Next slide. We've actually been part of a research project with the Kay E- Health Center, and their mission is to advance scientific understanding and public policy improvements, as you can see from this slide. And their preliminary findings were there are innovative approaches to improving disability determination and health management in both disability and vulnerable populations that can and should be fostered. And they recommended federal and local policy support as necessary to achieve these desired systems.

And there's more information on their research project on their website. So the Markle Foundation did a consumer survey in 2008 to demonstrate how consumers see value in PHRs. So the percent of consumers who believe PHRs would improve their abilities to check for errors or mistakes in their health records, 87 percent, track health-related expenses 87 percent. So really high percentages in all of these different elements to avoid duplicated testing, keeping the doctors informed, more easily move from doctor to doctor, and we see that, as I'm sure others in health care throughout the nation, with this downturn in the economy, more people are losing their employer-sponsored health insurance, which is resulting in changing clinicians and providers seeing them, and what's unfortunate is that frequently that expensive workup and all their health information resides with those clinicians, but fails to follow the patient, so that's very important and one of the advantages of a personal health record.

Of course they can manage the health of family members, get treatments tailored to the user's health status, help to manage, as Dr. Kahn said before, that their own behavior and lifestyle needs, and almost half of the public say they are interested in joining a free online PHR system. Next slide. So that concludes my presentation, and I thank you all so much for this opportunity.

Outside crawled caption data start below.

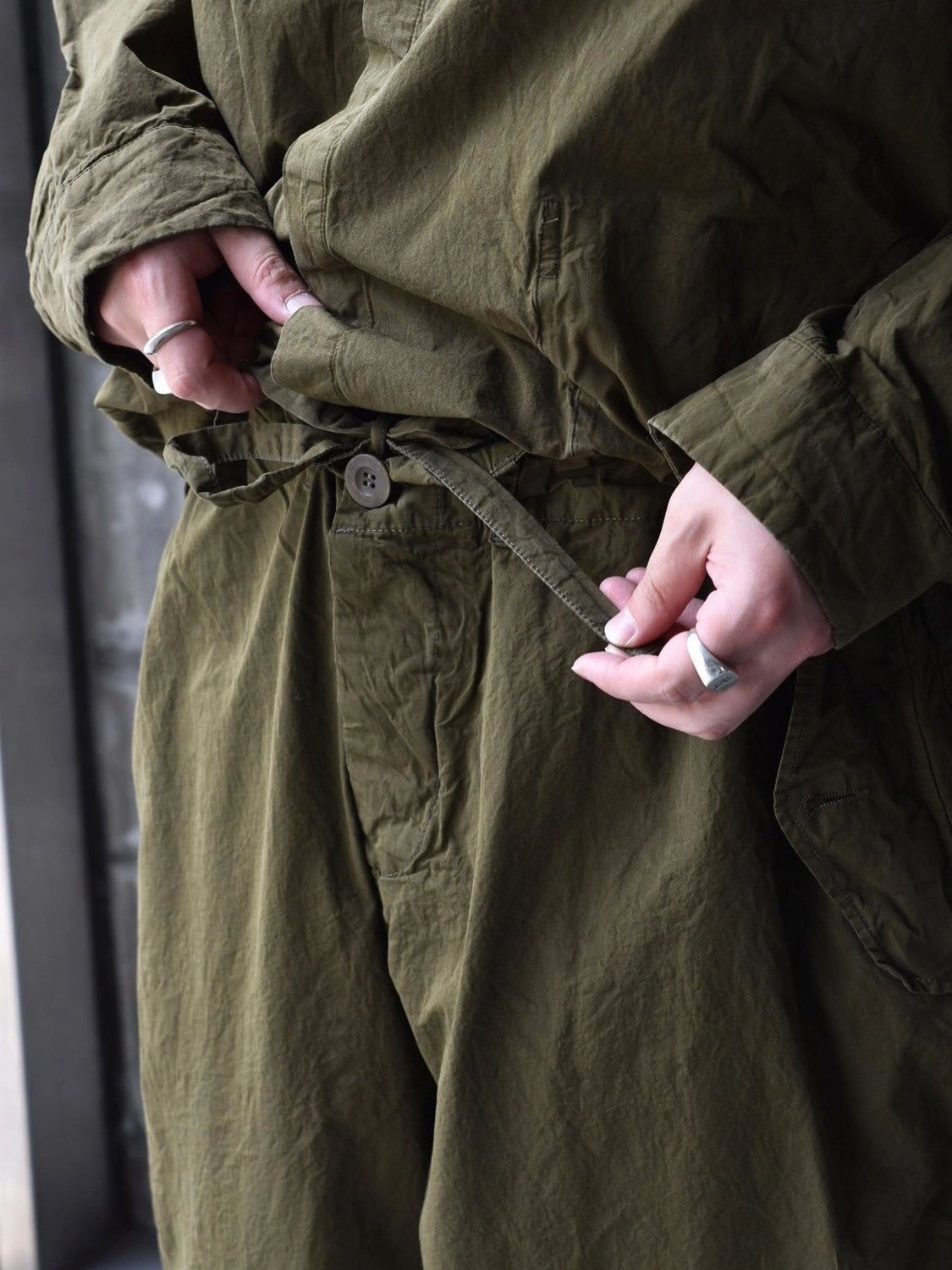 CASEY CASEY / ABEL PANTS (25HP285)
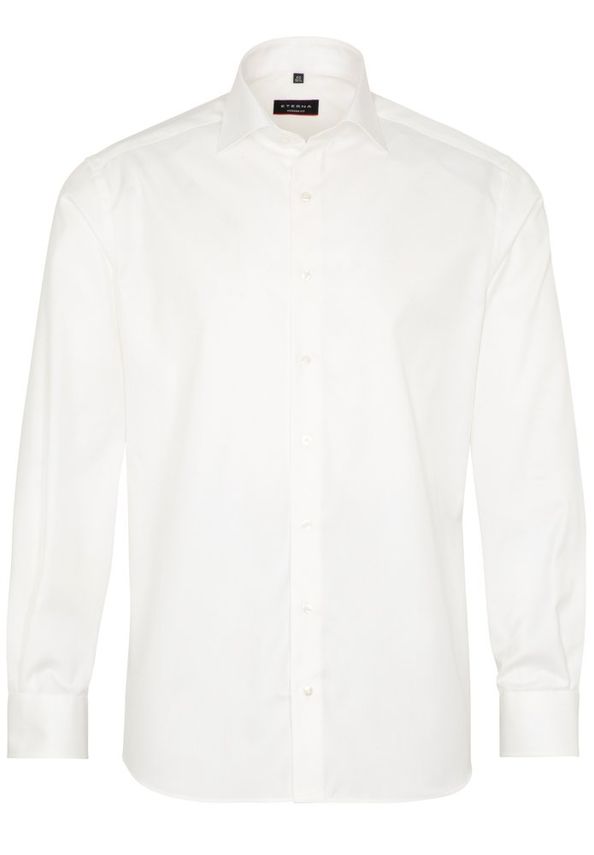 Elegant Bomulds Twill Skjorte fra Eterna - Modern Fit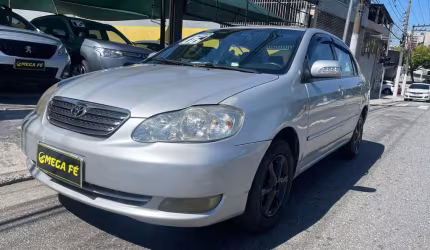 Corolla: 2006, a melhor escolha para quem busca confiabilidade!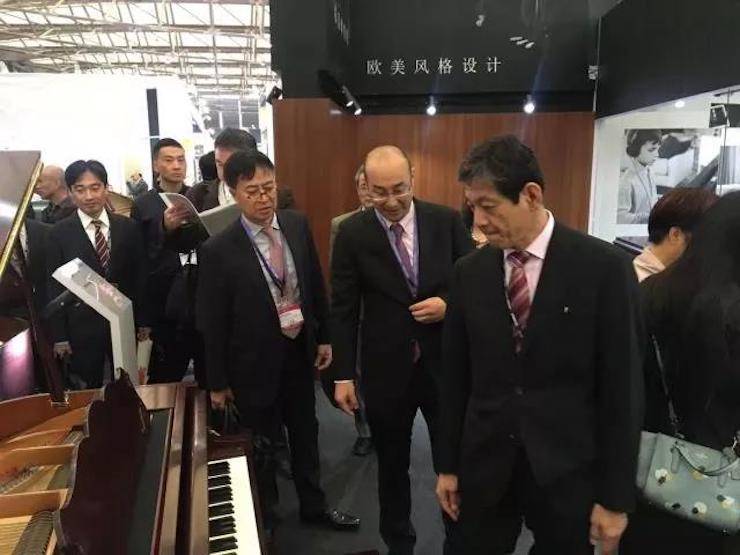 聚焦乐展|2017中国（上海）国际乐器展览会圆满落幕，d88尊龙z6钢琴大放异彩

Thank you all so much for your wonderful presentations. I would now like to hand it over to Johanna Barraza-Cannon from HRSA to moderate the Q&A session. Hello? Hello. I'm sorry.

Can everyone hear me? Yeah. Okay. Good. This is Johanna Barraza-Cannon at HRSA.

I wanted to thank everyone again for these presentations that were all very informative. Just to remind you, these presentations will be available on the HRSA HIT community if you want to go back and listen to some of the portions. There have been some questions, just repeats of some of the presentation topics. So we will go through some of the questions that were generated through the WebEx, and also if folks have other questions, please submit those through the Q&A function on WebEx.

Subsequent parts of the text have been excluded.